The studio that refused to make the “unfilmable” ‘Pulp Fiction’: “This is the worst thing ever written”
The rose-tinted glasses of nostalgia and the lure of the legacy that Quentin Tarantino clearly craves so much have created the impression that the upstart auteur had the world at his feet after Reservoir Dogs, but it’s not like his script for Pulp Fiction became the subject of an industry-wide bidding war.
It’s worth remembering that the writer and director’s debut feature barely broke even at the box office in the United States, with Tarantino admitting it took American critics and audiences a little longer to cotton on to how great his first movie was, unlike their European counterparts, who immediately embraced it.
It was a minute before Reservoir Dogs evolved from a cult classic into a genuine one, by which point Tarantino had already started working on Pulp Fiction. Manoeuvring himself into a development deal, things fell apart at the very first hurdle when the boss of a major studio refused to fund the picture.
The filmmaker inked a contract with Danny DeVito’s Jersey Films, which had a first-look agreement with Sony’s TriStar Pictures. It was reported in February 1993 that Pulp Fiction was officially in pre-production, but by June, the project had been placed into turnaround when the boss, Mike Medavoy, said the story was “too demented” to turn into a film.
According to Roger Avary, nobody in the upper rungs of the TriStar ladder could wrap their heads around the nonlinear script, the constant jumping between characters, and the volume of violent scenes. “This is the worst thing ever written,” he remembers being told. “It makes no sense. Someone’s dead, and then they’re alive. It’s too long, violent, and unfilmable. So I thought, that’s that.”

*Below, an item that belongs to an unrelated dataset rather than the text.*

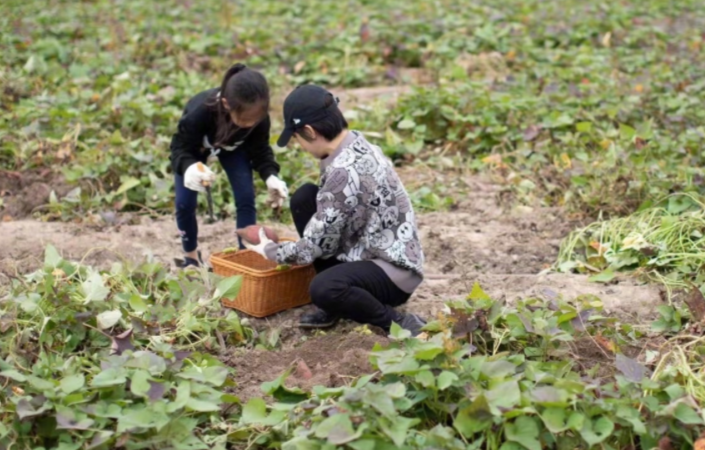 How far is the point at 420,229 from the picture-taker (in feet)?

Much like Harvey Keitel had become Tarantino’s guardian angel on Reservoir Dogs, DeVito stepped in to fill that role on Pulp Fiction. He believed in the movie from the second the script landed on his desk, and continued to champion the screenplay when Lawrence Bender took it to Miramax, who agreed to fund the production and give the director the creative freedom he desired.
As they say, the rest is history. Obviously, Tarantino got the last laugh when Pulp Fiction earned over $200 million at the box office, transformed the landscape of American cinema for the rest of the decade, and won “the worst thing ever written” an Academy Award for ‘Best Original Screenplay’.
To rub further salt into the wound, TriStar had a pretty shitty 1994. The company could have distributed one of the year’s best films had anyone in a position of power been able to understand, never mind comprehend the script, with its highest-grossing release of the year being Brad Pitt’s Legends of the Fall, which made almost $65 million less than Pulp Fiction despite costing over three times as much to make.
Some of TriStar’s other masterpieces that year included Chevy Chase’s Cops & Robbersons, the martial arts sequel 3 Ninjas Kick Back, and Steve Martin’s Mixed Nuts, with the flops heavily outweighing the hits. Medavoy’s loss was Miramax’s gain; if there were any justice in the world, he’d have been kicking himself.